The PA did propose a “cap benefit recapture program”, which Elliotte Friedman describes in detail, and which Greg Wyshynski encapsulates as “the money that you avoid factoring into your cap hit gets factored into your cap hit after the player retires.”
That might help, but I still see the league standing firm on term limits for contracts.
The PA doesn’t want limits on contract term because they believe players should be allowed to sign deals for as long as they like, though less than ten percent of the PA membership ever got a contract five years in length or more under the previous CBA.
They’ll have to give on this point if they hope to get the league to give on other contract issues or the “make whole” option.
– The PA also rejected changing the eligibility requirements for unrestricted free agency and reducing entry level contracts by one year. I’ve heard the league might be willing to concede on the latter, but remains firm on increasing the eligibility for UFA status to age 28 or eight years of NHL service.
– Elimination of team’s right to walk away from an arbiter’s decision. Few teams have gone that route, but my guess is team owners would prefer to keep that option, just as the players want to retain their arbitration rights.
– No buyouts for players earning $3 million per season or less. As with rejecting an arbiter’s decision, buyouts for those players doesn’t happen often, but I suspect teams would prefer to retain that option.
– Players demoted to the minors or loaned overseas with contracts worth over $1 million count against the cap. The league wants it at $525K. They might be willing to come up a little more, but I don’t believe they’ll go to $1 million.
So does the league’s rejection of the PA’s proposal signal an impasse in negotiations?
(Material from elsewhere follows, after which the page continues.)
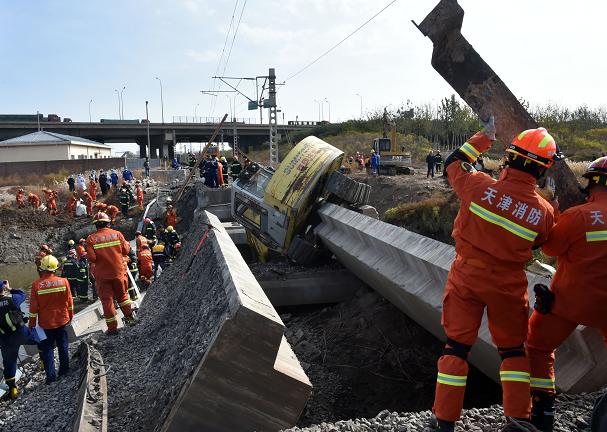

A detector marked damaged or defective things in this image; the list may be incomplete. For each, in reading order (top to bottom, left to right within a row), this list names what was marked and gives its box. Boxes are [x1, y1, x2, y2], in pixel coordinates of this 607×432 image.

Maybe not.
Despite the usual post-proposal rejection rhetoric from both sides, there were some things in the PA’s proposal which the league should like.
As Toronto Star columnist Kevin McGran observed prior to the PA’s proposal, some of them are “common ground” issues (Trading cap space, third-party arbiter for on- and off-ice discipline, elimination of re-entry waivers) likely to be part of future proposals, and the eventual agreement.
The PA’s suggestions to address the issues of burying contracts in the minors and front-loading contracts should move the sides closer to resolution on those points.
The league might also give some consideration to the PA’s suggestion of changing the distance between the salary cap maximum and minimum from a dollar figure to a percentage, in which the maximum would be 20 percent above the mid-point and the minimum 20 percent under, rather than the $8 million distance on each side of the mid-point used under the previous CBA.
That would significantly lower the cap floor for struggling teams, while allowing free-spenders more cap space at the upper end.
At least, as RDS’s Renaud Lavoie stated, the “war of numbers” is over, as the league and the PA agreed they were “only” $182 million apart. Now, it’s a question of closing a gap which was significantly wider not that long ago.
The two sides have reportedly agreed to meet again on Friday, and while there probably won’t be much “traction” gained, there appears to be more movement – painfully slow as it is – toward a potential agreement.